Lorrie Walker, a volunteer with The ARCHES Project, talks with Doug Pendleton at the van he lives in at Cascades Gateway Park. (Troy Brynelson/Salem Reporter)
After declaring a housing emergency last week, Salem city officials now are opening the way for those living in their vehicles to legally camp on private property – with conditions.
The pilot program allows nonprofit, public or commercial entities provide for car camping at locations not around residences. The city has slotted eight locations, with a limit of six vehicles per location that can stay from 9 p.m. to 7 a.m. Camping is limited to vehicles, like RVs and vans, not tents or other improvised camps.
The registration form is online and requires property owners to supervise the camp outs and provide garbage and toilet facilities at their own cost. The form asks if the location is within city limits, if it’s near a residence and if the person registering the location is the owner of the property.
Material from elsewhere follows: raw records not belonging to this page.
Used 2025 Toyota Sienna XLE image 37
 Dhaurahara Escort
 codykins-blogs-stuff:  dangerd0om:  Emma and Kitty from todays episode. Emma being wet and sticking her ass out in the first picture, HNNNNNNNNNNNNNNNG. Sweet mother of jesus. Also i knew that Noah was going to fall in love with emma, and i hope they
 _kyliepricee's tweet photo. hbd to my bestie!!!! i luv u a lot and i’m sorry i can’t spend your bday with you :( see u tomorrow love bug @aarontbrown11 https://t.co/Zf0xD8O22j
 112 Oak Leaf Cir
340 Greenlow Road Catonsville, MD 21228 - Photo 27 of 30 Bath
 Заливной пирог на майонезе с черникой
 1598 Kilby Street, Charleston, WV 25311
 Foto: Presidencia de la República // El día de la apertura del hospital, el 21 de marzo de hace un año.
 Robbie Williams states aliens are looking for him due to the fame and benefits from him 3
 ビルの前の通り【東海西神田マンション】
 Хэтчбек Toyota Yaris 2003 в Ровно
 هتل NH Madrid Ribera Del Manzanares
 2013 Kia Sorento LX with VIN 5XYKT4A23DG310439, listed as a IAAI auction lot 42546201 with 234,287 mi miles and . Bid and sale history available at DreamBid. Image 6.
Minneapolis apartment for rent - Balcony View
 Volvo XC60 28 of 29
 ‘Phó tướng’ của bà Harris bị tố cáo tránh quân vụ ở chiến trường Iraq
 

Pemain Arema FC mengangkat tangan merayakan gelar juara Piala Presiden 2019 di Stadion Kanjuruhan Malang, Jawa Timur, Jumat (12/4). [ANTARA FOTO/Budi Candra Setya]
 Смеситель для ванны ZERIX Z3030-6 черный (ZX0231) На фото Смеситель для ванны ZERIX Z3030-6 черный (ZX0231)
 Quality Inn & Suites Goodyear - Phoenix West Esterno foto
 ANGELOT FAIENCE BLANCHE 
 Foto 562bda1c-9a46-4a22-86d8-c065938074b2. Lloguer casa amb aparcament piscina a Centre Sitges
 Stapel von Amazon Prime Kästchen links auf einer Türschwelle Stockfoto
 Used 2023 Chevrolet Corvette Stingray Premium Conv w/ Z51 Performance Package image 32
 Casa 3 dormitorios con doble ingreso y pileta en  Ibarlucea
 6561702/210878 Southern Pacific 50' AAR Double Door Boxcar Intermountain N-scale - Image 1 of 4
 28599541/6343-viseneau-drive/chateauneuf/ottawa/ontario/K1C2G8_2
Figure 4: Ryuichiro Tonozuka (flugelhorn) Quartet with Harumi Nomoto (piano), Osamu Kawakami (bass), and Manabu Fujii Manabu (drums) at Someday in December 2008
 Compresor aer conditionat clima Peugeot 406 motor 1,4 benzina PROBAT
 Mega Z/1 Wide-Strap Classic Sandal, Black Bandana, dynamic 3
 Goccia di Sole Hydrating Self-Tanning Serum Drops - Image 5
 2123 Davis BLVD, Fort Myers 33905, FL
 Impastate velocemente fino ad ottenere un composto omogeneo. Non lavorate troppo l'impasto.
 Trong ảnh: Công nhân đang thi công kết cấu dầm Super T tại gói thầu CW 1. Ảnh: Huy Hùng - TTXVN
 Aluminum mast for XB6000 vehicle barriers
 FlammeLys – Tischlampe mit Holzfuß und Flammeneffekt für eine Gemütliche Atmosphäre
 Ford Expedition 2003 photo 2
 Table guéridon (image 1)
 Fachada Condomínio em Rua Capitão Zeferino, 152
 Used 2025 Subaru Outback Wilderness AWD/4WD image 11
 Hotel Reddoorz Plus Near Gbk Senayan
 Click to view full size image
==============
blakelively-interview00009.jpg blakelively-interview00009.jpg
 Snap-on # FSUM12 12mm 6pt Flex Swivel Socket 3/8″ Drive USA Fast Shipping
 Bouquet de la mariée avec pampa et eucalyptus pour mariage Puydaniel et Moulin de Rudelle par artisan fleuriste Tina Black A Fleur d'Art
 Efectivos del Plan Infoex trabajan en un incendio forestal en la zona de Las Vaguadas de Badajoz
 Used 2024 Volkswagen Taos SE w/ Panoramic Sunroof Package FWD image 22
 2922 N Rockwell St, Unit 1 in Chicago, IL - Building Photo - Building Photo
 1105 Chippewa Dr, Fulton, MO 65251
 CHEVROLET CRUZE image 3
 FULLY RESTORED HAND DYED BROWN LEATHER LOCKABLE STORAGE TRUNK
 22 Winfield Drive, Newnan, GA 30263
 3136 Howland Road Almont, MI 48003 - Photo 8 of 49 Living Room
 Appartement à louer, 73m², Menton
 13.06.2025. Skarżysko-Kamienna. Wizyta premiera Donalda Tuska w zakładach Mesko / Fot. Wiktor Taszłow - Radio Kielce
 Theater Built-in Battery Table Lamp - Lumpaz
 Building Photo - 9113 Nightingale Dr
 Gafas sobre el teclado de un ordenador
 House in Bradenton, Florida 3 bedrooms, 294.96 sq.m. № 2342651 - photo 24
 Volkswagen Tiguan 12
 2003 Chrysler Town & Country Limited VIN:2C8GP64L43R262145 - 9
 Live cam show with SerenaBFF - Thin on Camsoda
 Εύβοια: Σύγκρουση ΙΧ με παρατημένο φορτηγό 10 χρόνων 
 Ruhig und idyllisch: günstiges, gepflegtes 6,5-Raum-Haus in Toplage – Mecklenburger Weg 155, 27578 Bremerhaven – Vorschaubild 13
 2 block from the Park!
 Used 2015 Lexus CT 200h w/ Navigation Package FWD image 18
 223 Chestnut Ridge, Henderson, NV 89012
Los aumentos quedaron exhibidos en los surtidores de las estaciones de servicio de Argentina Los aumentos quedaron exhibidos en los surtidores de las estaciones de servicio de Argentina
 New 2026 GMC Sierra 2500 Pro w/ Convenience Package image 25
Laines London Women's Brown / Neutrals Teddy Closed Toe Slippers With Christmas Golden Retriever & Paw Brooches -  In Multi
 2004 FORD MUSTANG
“Anybody that has a property that qualifies can certainly apply for it,” said Brady Rogers, Salem’s code enforcement officer.
He plans to inspect the properties before they’re approved.
Rogers said the city’s code enforcement staff cites around 75 RVs that park for more than five days on city streets and move to avoid being towed. He estimates the number of homeless campers in smaller vehicles is much lower.
City Councilor Chris Hoy directed city staff to explore car camping in December.
Salem staff considered a car camping program in Eugene, where businesses, religious institutions and public entities can open their lots to up to six vehicles. A vehicle is defined as a “car, tent, camper, trailer or Conestoga hut,” which are micro-shelters. Eugene also allows single-family homes, with some restrictions, to offer their backyards or driveways.
Hoy said he’s “looking forward to seeing how we can positively impact our homeless situation” by adding car camping.
He was volunteering at a warming shelter last year when he met a woman living in her car who needed to use the bathroom and facilities.
“It became clear to me we need to be doing this in a coordinated, organized way,” Hoy said.
The program is scheduled to end March 31, but Hoy said he’d like to see it extended.
“There’s no reason not to,” he said. “I don’t see a downside to it at all.”
The city council last week pulled back from a plan for a temporary homeless shelter in Pringle Community Hall and instead set in motion a plan to temporarily rescind the camping ban passed in December. That barred people from erecting tents and other camping shelters, which moved many homeless people onto downtown sidewalks.